How does distance vector routing algorithm handle negative weight cycles?

Question

There a quite a few questions here on this algorithm but I haven't been able to find that how would it handle negative weight cycles? Suppose a router x gets update from router y that cost of y to z is 5. Later, router x gets update from router y that cost of y to z is 2 now. What does router x do? My understanding is that Bellman Ford algorithm states that error should be raised in this case. But what distance vector routing algorithm do - simply update it or raise an error or something else?

Answer 1

Not sure if I'm reading this question right. Updates from routers can specify a new cost for a path whether it be higher or lower than before.
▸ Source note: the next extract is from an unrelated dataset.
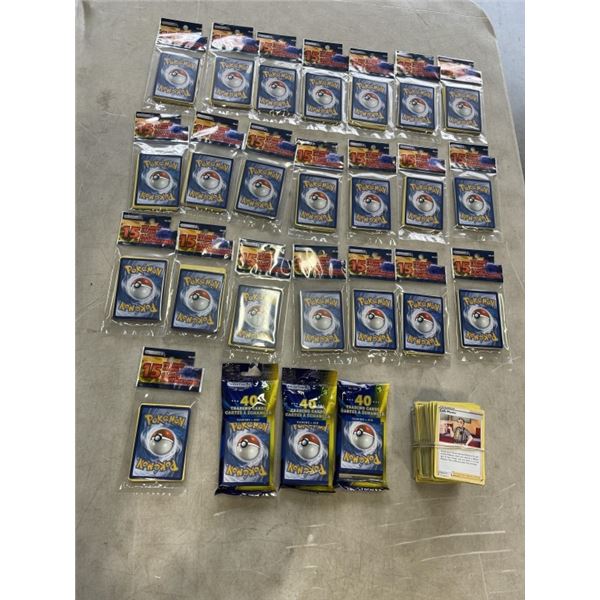 25 UNOPENED PACKS OF POKEMON CARDS AND STACK OF ASSORTED POKEMON CARDS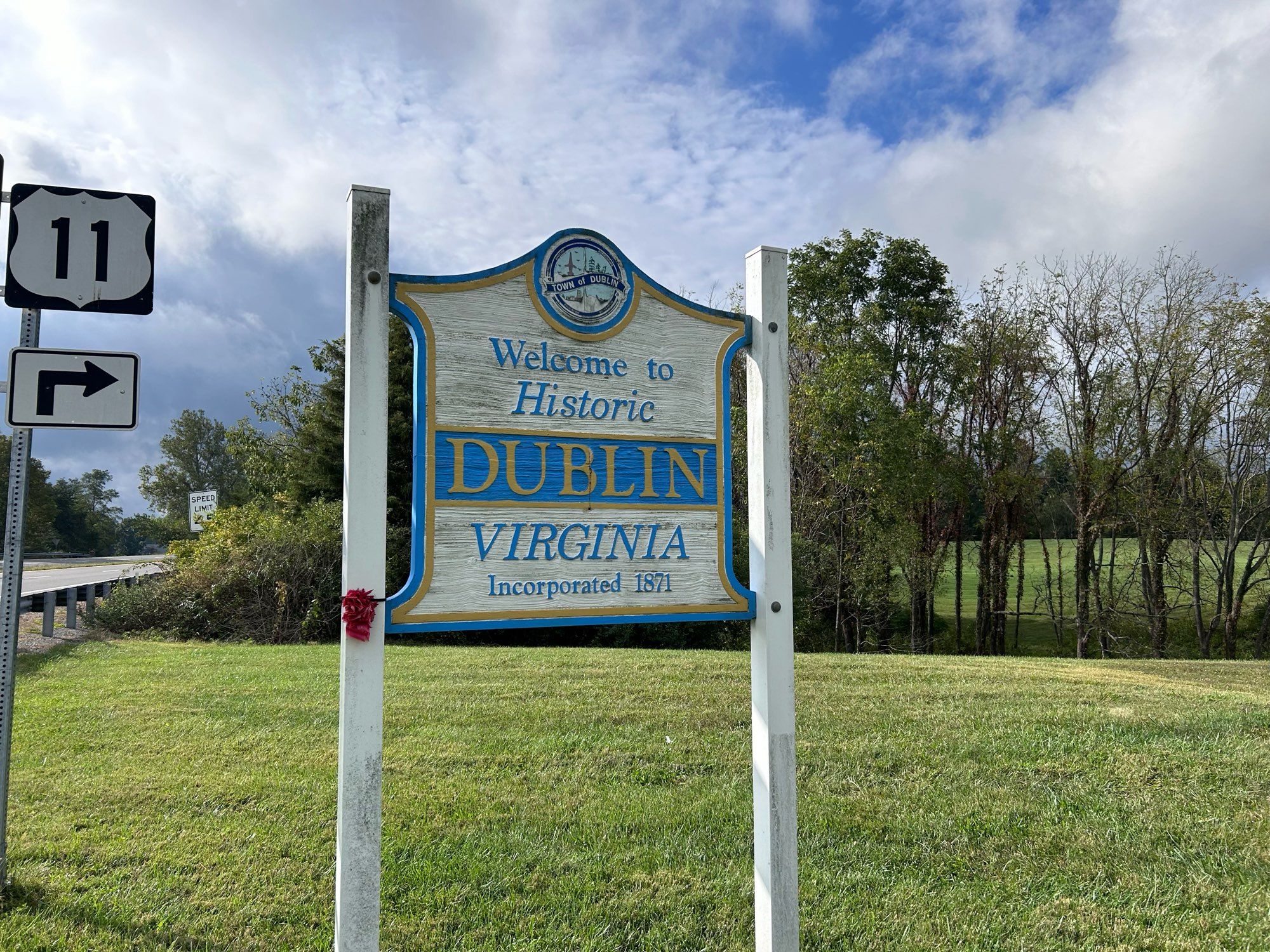 Roadside sign welcoming people to Dublin, Virginia. It is white and blue on a green field with a partly cloudy sky behind.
If x gets an update from y for a path to z with cost of 2 (originally 5), then x should simply update its forwarding table with the new cost path and use this path to get to z if it is the least cost path.

Answer 2

You have a conflict between the lower cost of bellman-Ford Algortihm and the next hop update of the link cost , the first can be done between two or more different interfaces to get the cheaper cost ,for exemple:

**Case 1:**Router A has 3 neighbors N1,N2,N3, and N1,N2,N3 have X as a neighbor

|---2----N1-----4----|
A`--4----N2-----3----X
|---1----N3-----2----|

For the router A we have :

 X via N1 =6 
 X via N2=7            the lowest is :**X Via N3=3**
 X Via N3=3

-Here A will choose X via N3(between N1,N2,N3) because it is the lowest one Case 2: if the link cost between (X-N3=2) have been changed to (X-N3=8)we suppose due to a configuration of the link (even 8 is more than 2 but it is an obligation ),N3 should inform A about that and A must update the cost from (X Via N3=3) to (X Via N3=9) , hence we return to case (1) : choose the lowest cost that will be via N1

     X via N1 =6 
     X via N2=7            ****the lowest is :**X Via N1=6******
     X Via N3=9